_Provided data:_
────

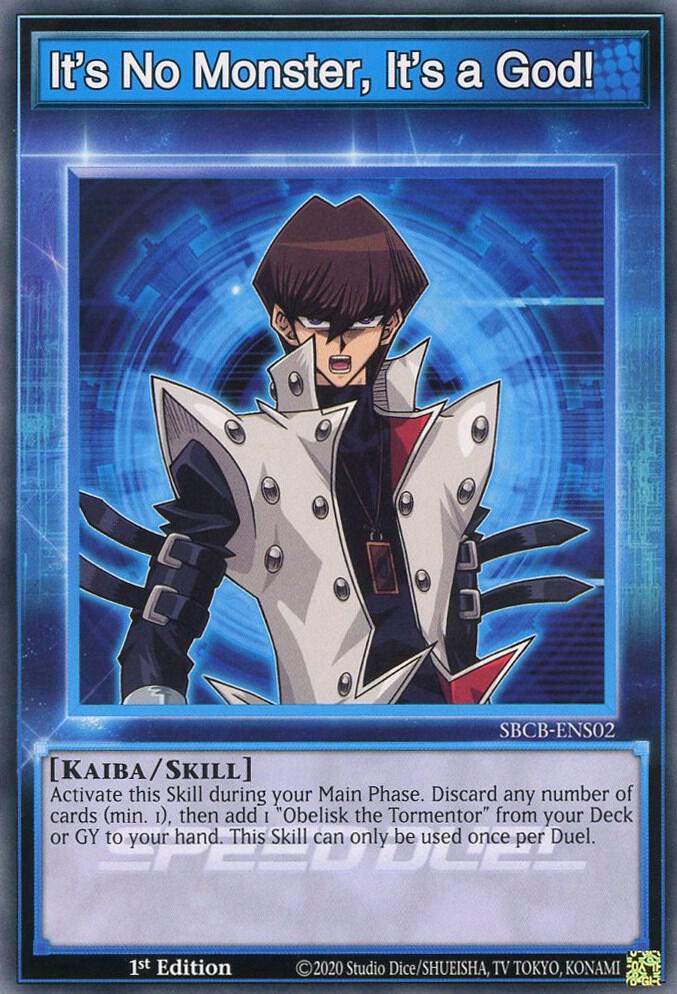 It's No Monster, It's a God! card image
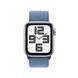 Смарт годинник Apple Watch SE Series (2nd Gen) 40mm Silver Aluminium with Winter Blue Sport Loop (MRE33) 62863 фото 2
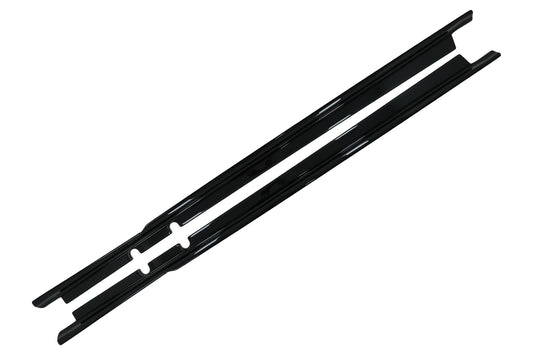 Seitenschweller Erweiterungen für Seat Leon Mk4 2020+ Glänzend Schwarz Satz CarPartsTuning
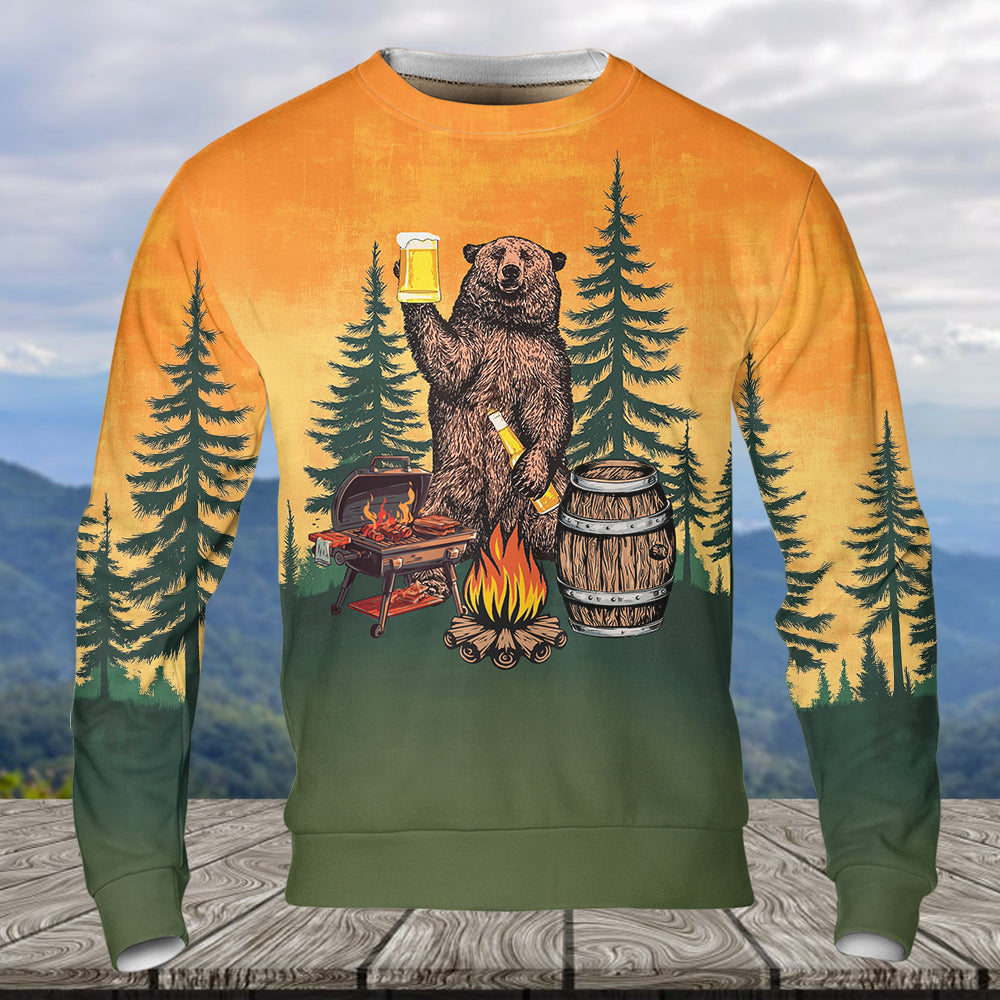 Ugly Bear All Over Print Shirt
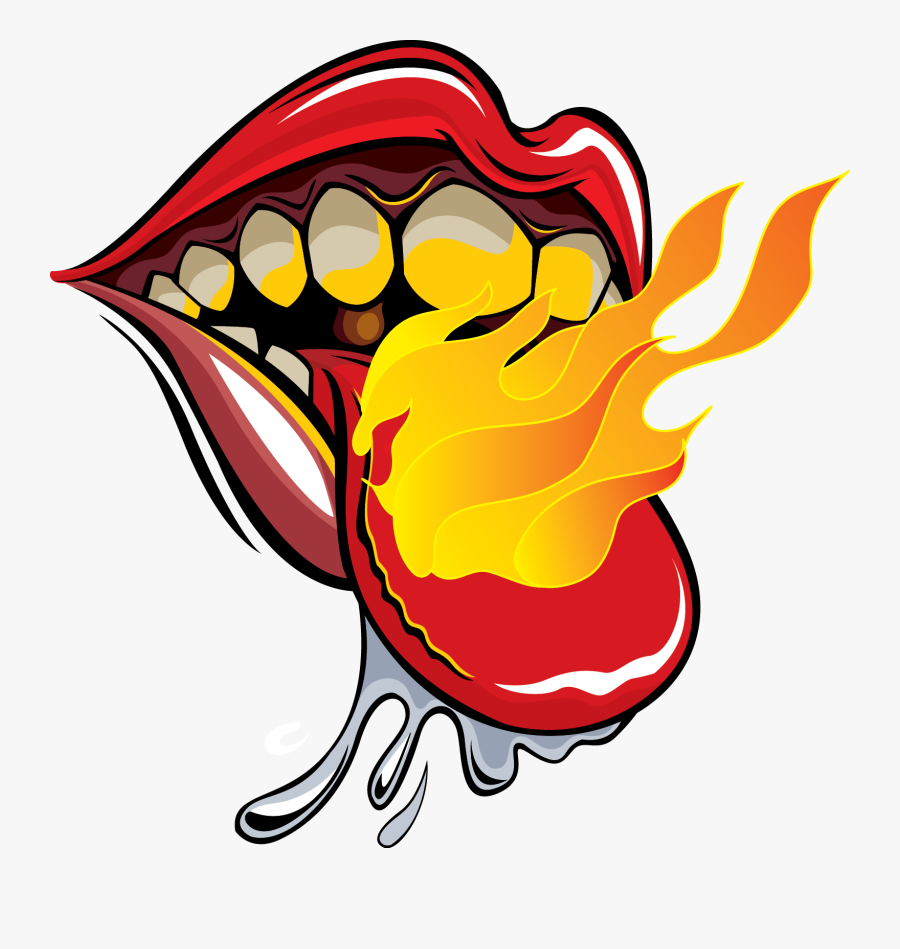 Flaming Tongue, Transparent Clipart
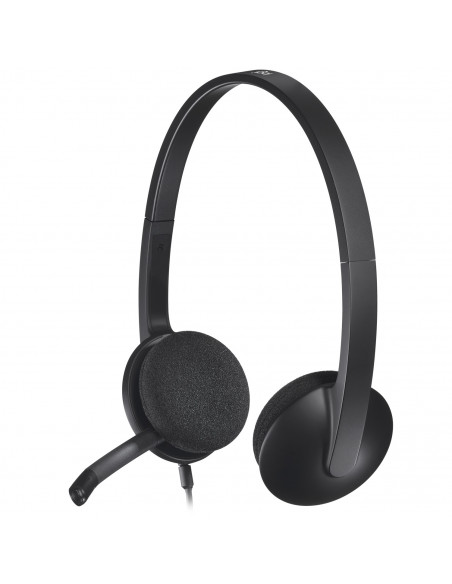 Logitech H340 Auricolare Cablato A Padiglione Ufficio USB tipo A Nero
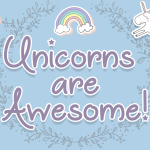 Unicorns are Awesome Font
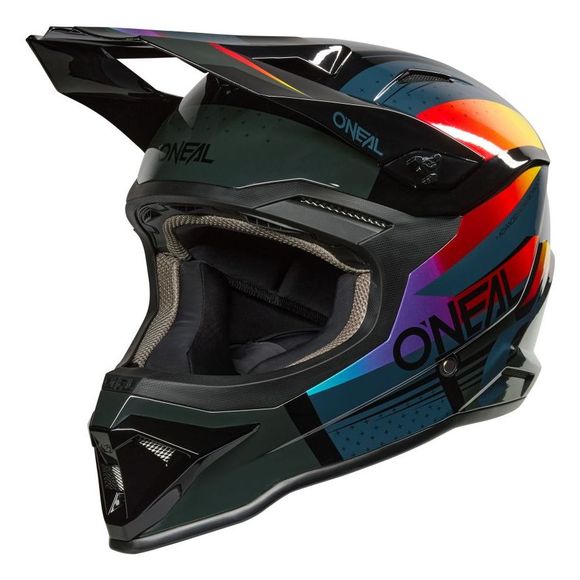 Cross O'Neal 1SRS helmet - RC 2025 - Black / MulticolorRef: OL2186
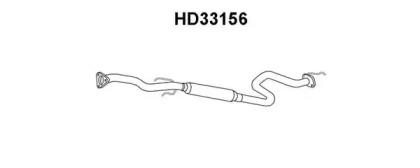 Veneporte HD33156 Muffler assy front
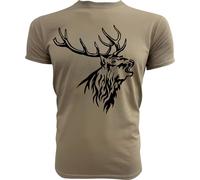 PAULGOS T-shirt homme "Tête de cerf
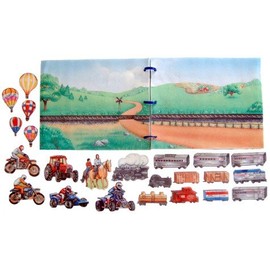 Transportation Soft Felt Book with Figures, Cars, Trucks, Trains, Planes & Boats- Precut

────

_What you are asked to do:_ Print the listing verbatim, images excluded.

_Exercise response:_
 It's No Monster, It's a God! card image
 Смарт годинник Apple Watch SE Series (2nd Gen) 40mm Silver Aluminium with Winter Blue Sport Loop (MRE33) 62863 фото 2
 Seitenschweller Erweiterungen für Seat Leon Mk4 2020+ Glänzend Schwarz Satz CarPartsTuning
 Ugly Bear All Over Print Shirt
 Flaming Tongue, Transparent Clipart
 Logitech H340 Auricolare Cablato A Padiglione Ufficio USB tipo A Nero
 Unicorns are Awesome Font
 Cross O'Neal 1SRS helmet - RC 2025 - Black / MulticolorRef: OL2186
 Veneporte HD33156 Muffler assy front
 PAULGOS T-shirt homme "Tête de cerf
 Transportation Soft Felt Book with Figures, Cars, Trucks, Trains, Planes & Boats- Precut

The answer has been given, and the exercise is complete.